#### Problem description:
In the records below, find the line that contains "Mens * | Drake" and the line that contains "Ortsschild von Stadt", then retype exactly those two lines and every line between them.

Recorded information: Begin

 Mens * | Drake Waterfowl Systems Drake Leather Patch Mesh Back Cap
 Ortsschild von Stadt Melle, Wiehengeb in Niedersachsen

Recorded information: End
Recorded information: Begin

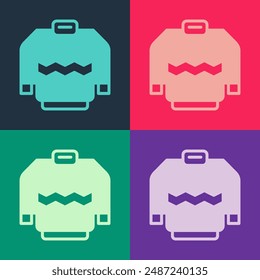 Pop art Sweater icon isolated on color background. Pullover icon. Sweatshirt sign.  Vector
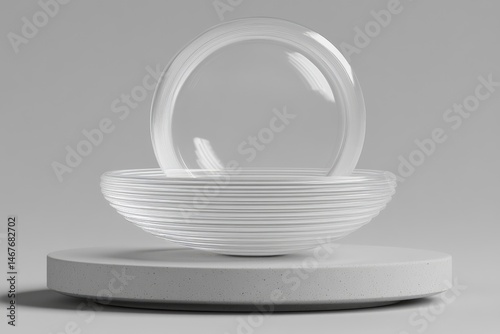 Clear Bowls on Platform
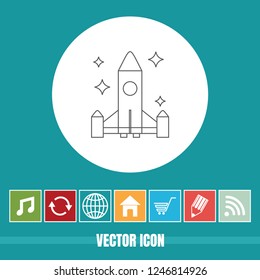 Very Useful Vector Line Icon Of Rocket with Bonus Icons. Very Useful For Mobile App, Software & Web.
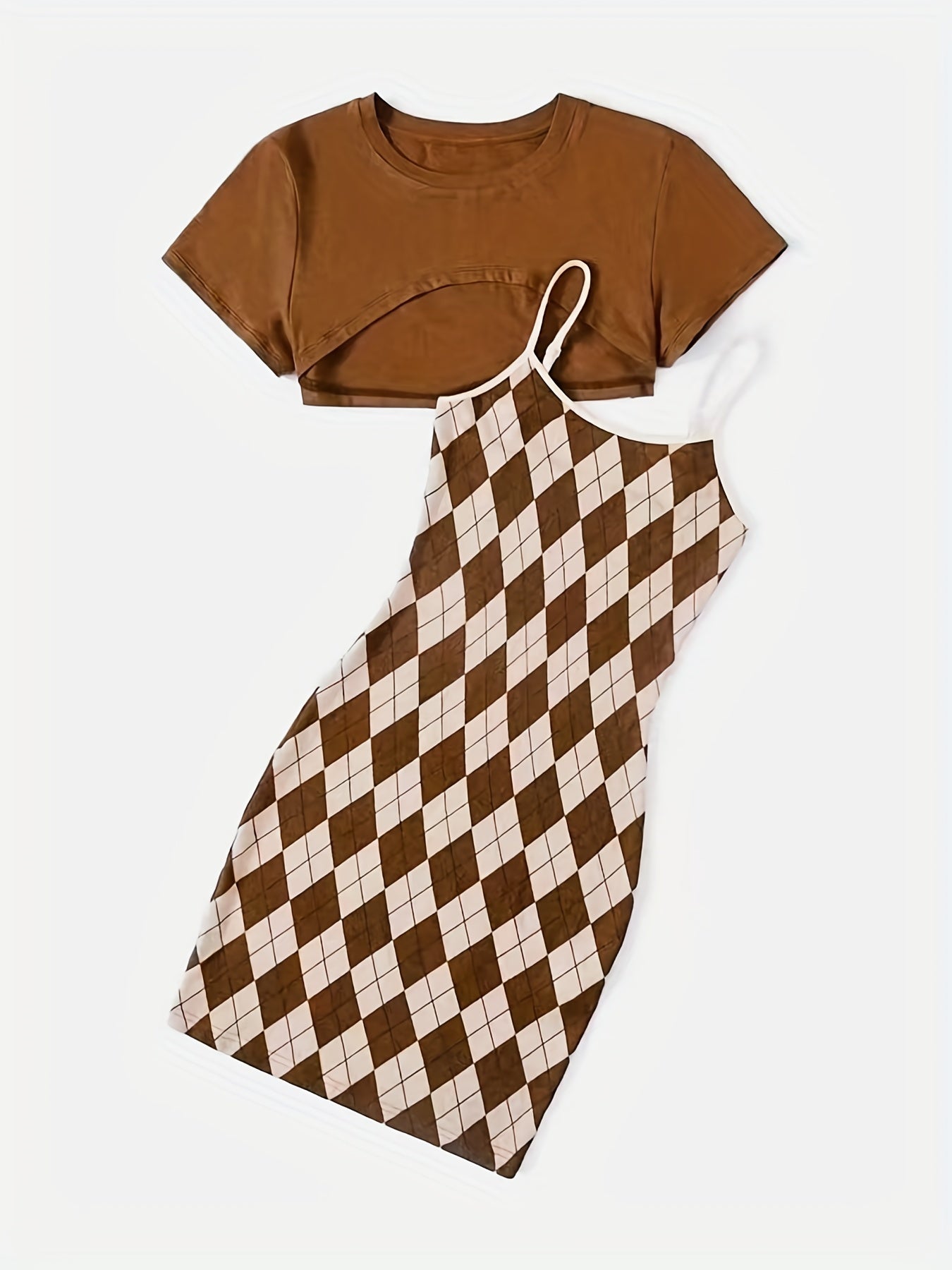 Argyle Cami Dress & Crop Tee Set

Recorded information: End

#### Expected output:
 Mens * | Drake Waterfowl Systems Drake Leather Patch Mesh Back Cap
 Ortsschild von Stadt Melle, Wiehengeb in Niedersachsen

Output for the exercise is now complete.